* [The task]:
In the records that follow, find the line with "Chapter 44 - halaman 7"; from there, retype every line exactly through the line with "Uncleremusway January 11, 2025", which also belongs to the answer.

* [Records contained in a dataset]:
┄┄┄┄┄┄┄┄┄┄┄┄┄┄┄┄┄┄┄┄
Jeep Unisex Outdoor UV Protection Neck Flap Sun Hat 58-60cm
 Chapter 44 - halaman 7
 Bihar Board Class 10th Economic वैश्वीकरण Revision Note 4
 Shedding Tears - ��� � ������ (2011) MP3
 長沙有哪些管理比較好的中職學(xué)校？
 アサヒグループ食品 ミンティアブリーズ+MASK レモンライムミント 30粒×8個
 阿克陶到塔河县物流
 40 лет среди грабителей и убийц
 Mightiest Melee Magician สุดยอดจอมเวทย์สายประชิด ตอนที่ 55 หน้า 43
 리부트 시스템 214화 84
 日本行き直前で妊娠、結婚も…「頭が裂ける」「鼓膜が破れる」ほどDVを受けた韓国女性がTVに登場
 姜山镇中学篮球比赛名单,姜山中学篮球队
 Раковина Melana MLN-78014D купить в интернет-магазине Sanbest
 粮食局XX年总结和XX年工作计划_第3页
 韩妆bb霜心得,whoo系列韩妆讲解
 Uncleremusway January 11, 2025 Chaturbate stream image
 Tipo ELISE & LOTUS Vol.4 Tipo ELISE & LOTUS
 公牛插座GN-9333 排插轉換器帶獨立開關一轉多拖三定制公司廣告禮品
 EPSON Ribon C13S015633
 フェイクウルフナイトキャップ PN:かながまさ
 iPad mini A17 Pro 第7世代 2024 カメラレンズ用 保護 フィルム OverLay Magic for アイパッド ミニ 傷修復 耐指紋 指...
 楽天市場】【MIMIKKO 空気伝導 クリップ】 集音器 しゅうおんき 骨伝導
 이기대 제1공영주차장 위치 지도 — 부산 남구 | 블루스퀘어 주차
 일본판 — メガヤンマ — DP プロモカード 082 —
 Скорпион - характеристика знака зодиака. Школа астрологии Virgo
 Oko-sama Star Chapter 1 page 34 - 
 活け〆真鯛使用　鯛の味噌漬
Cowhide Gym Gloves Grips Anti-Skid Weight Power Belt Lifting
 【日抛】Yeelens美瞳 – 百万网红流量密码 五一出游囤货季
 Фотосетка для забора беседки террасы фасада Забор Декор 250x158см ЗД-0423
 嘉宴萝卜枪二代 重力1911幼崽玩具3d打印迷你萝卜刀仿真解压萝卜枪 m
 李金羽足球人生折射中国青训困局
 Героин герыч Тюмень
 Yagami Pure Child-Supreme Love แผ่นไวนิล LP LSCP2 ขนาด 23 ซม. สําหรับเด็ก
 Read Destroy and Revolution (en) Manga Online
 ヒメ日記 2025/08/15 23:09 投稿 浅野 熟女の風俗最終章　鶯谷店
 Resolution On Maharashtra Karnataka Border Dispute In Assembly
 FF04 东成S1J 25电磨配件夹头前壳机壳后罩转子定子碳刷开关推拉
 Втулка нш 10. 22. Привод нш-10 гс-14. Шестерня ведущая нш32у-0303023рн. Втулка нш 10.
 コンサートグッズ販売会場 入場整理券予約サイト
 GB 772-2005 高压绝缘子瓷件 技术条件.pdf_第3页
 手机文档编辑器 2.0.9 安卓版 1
┄┄┄┄┄┄┄┄┄┄┄┄┄┄┄┄┄┄┄┄
* [Exercise solution]:
 Chapter 44 - halaman 7
 Bihar Board Class 10th Economic वैश्वीकरण Revision Note 4
 Shedding Tears - ��� � ������ (2011) MP3
 長沙有哪些管理比較好的中職學(xué)校？
 アサヒグループ食品 ミンティアブリーズ+MASK レモンライムミント 30粒×8個
 阿克陶到塔河县物流
 40 лет среди грабителей и убийц
 Mightiest Melee Magician สุดยอดจอมเวทย์สายประชิด ตอนที่ 55 หน้า 43
 리부트 시스템 214화 84
 日本行き直前で妊娠、結婚も…「頭が裂ける」「鼓膜が破れる」ほどDVを受けた韓国女性がTVに登場
 姜山镇中学篮球比赛名单,姜山中学篮球队
 Раковина Melana MLN-78014D купить в интернет-магазине Sanbest
 粮食局XX年总结和XX年工作计划_第3页
 韩妆bb霜心得,whoo系列韩妆讲解
 Uncleremusway January 11, 2025 Chaturbate stream image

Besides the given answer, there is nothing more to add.